Ma Urso ha pure raffreddato l’ipotesi di usare per l’ex Ilva il raddoppio del gasdotto Tap, che dall’Azerbaijan arriva a Melendugno, nel Salento, dopo aver attraversato il Mare Adriatico, ipotesi che ha caldeggiato il sindaco Bitetti come alternativa alla nave. Secondo il ministro, il raddoppio del gasdotto Tap – per il quale il ministero dell’Ambiente ha escluso il ricorso alla Valutazione di impatto ambientale non essendoci problemi al riguardo – è sì un progetto in itinere, ma non si può dire quando partirà.

Urso ha detto di averne parlato l’altro ieri, nella visita in Azerbaijan, con il ministro dell’Economia, Mikayil Jabbarov, e il presidente della Repubblica, Ilham Aliyev, dopo l’inaugurazione della centrale di Ansaldo Energia. Sembra che la Banca Europea degli Investimenti (BEI) possa avere problemi a cofinanziare il raddoppio di Tap considerato che è un investimento basato sulle fonti fossili mentre la Ue si sta orientando su altre fonti, sulle rinnovabili, e soprattutto sulla sostenibilità ambientale. E allora si potrebbe magari usare il gas del giacimento lucano di Tempa Rossa, il cui petrolio è già destinato a Taranto per essere lavorato dall’Eni, ha suggerito il presidente Emiliano. Solo che la fattibilità o meno di quest’ulteriore percorso, è cosa che va verificata. Urso si è ripromesso di farlo con il ministero dell’Ambiente.

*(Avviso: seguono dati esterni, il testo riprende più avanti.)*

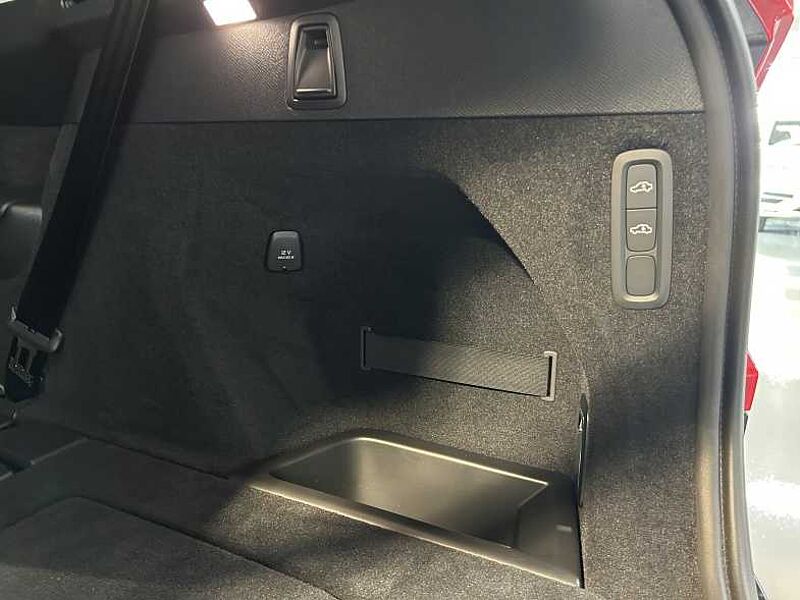 Volvo  Recharge Ultimate, T8 AWD Bright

Venendo alle posizioni espresse ieri, Bitetti – raccontano le fonti – è stato il più critico, riconfermando la contrarietà sui tempi al 2039, sulla piattaforma di desalinizzazione e sulla nave per il gas. Palmisano, invece, ha sollevato soprattutto il problema del dissalatore e dei relativi impatti ambientali, Spada ha rivendicato tutele sanitarie adeguate per Statte, mentre Gugliotti ha detto che se la nave deve eventualmente esserci, sia posizionata a 12 miglia dalla costa come a Piombino per non creare intralci al porto e non essere vicina alla raffineria.